The exhibition is anchored by Robert Barry’s sketch of 1:4:1 (1968)—a white cord extending from the floor to the ceiling with two horizontal sections at each end—which draws attention to the invited artists’ relationship to space. The walls of the gallery serve, both physically and metaphorically, as a surface for artists to play off, and Barry’s notion of presence through invisibility—the thin white line, held in place by a tiny hook, seems barely there—is a common theme in the exhibition, questioning the meaning of making objects now, here, in this context.
Rabih Mroué’s The Crocodile Who Ate The Sun (2015) consists of a set of 12 framed photographs, presented in a row next to a wall text and, underneath it, a small shelf with leaflets, and the work resonates with an awareness of its own objecthood (though in a different sense from the self-conscious theatricality proposed by Michael Fried).
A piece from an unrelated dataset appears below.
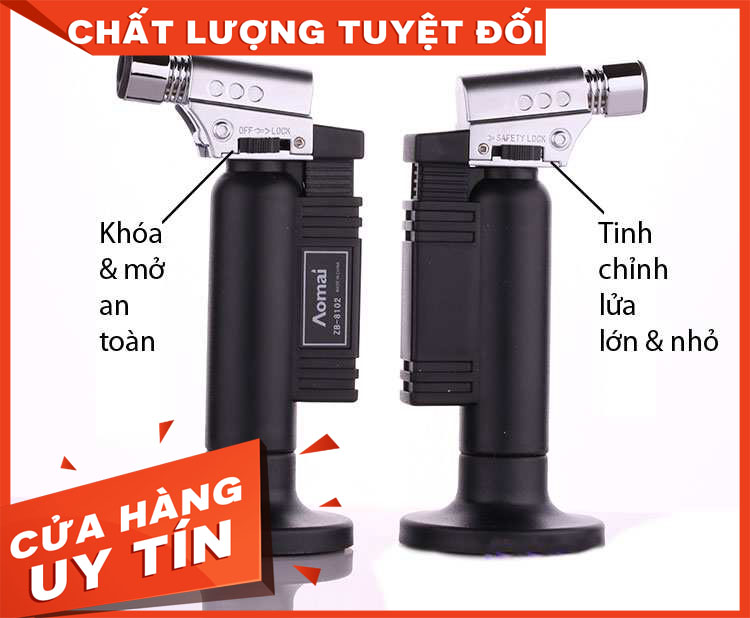 [HCM]Bật lửa khò gas CAO CẤP Aomai cầm tay mini - Hột quẹt mini cực mạnh khóa lửa rãnh tayKhò gas trực tiếpKhò siêu mạnhBật lửa mồi bếp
The text, in English, informs visitors that the leaflets are reproductions of an original that “fell from the sky” in 1982, dropped over Lebanon by the Israeli Air Force. The artist presented these leaflets to his friends, and the photographs document their reactions—the leaflets torn, burnt, creased, and crumpled into balls. Mroué thus brings a staged event into the gallery, objectifying an experience that conjures up an earlier one to recognize the problematic nature of commemoration. Every commemorative act excludes another, so is there a more effective way to remember than through the gestures of these individuals? The violence inflicted on the leaflets, monumentalized through the act of photographing and framing them, is appropriate to the politically sterilizing space of the gallery.
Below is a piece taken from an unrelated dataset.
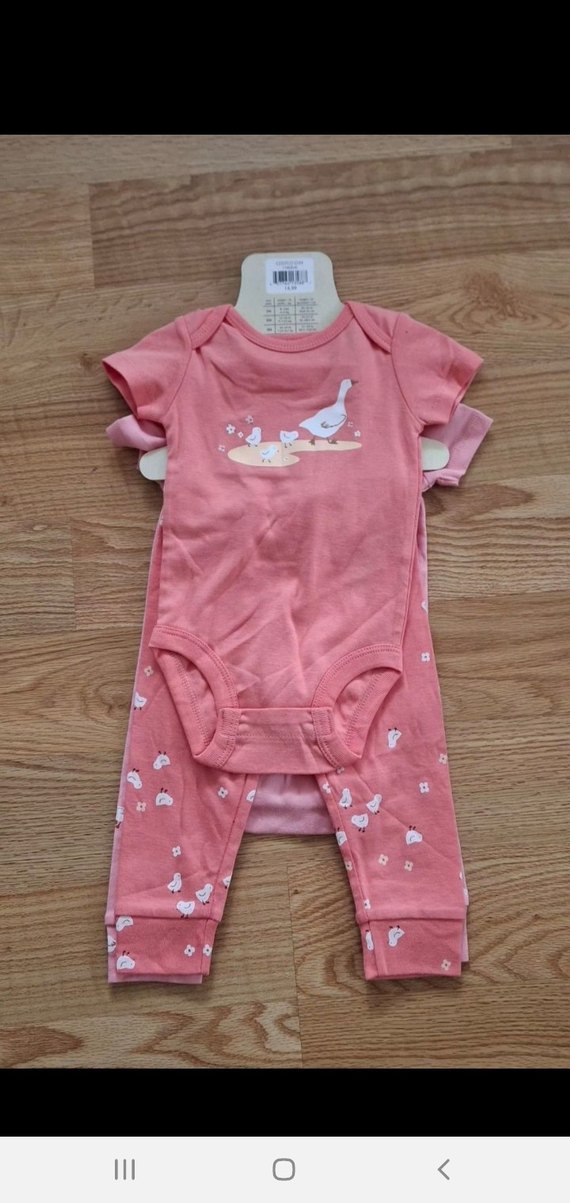 Pembe Kısa Kollu Kız Bebek Takim - Görsel 3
Iman Issa’s Material for a sculpture commemorating a blind man who became a great writer, opening up an unparalleled world of possibilities to the people of his nation (2010–2012), a flickering tube monitor atop a flared pedestal, is a monument for our present, dysfuntional times, remembering and commemorating through the absence of an image, aware of its own platform, an object that acknowledges its own representational failure.
Bringing the exhibition full circle, Marwan Rechmaoui’s mural Untitled (2015) addresses the possibility of painting or, rather, mark-making to inspire a greater awareness of the city that the viewer inhabits. An expanded painting composed in concrete, plastic, and paint, the work combines physical materials from Beirut’s urban landscape with a picture of an ominous-looking building. In a changing city (perhaps not so ironically, one of the hippest bars in Beirut is called Under Construction), the act of building is destructive, defeating the two-dimensionality of any purely pictorial representation. Questioning the boundaries, or lack thereof, of the overlapping spaces that we inhabit, Rechmaoui’s large-scale work is an ode to the quotidian reality of the city and the region.
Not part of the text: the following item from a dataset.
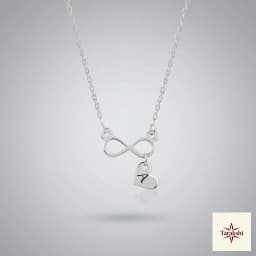 Personalized Infinity Heart Initial Silver Necklace thumbnail 1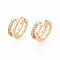 Brass Micro Pave Clear Cubic Zirconia Cuff Earrings, Two-layer C-Shaped, Real 18K Gold Plated, 11x12x4mm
The question emerges: what are the new forms of political labor that can be invented through/against art in the white cube? A gallery’s walls can insulate the space from the world—entombing its guests like the dining room in Luis Buñuel’s The Exterminating Angel. The artists in this show seek to ensure that the wall dividing the gallery from the city remains permeable, that the inside corresponds with the outside.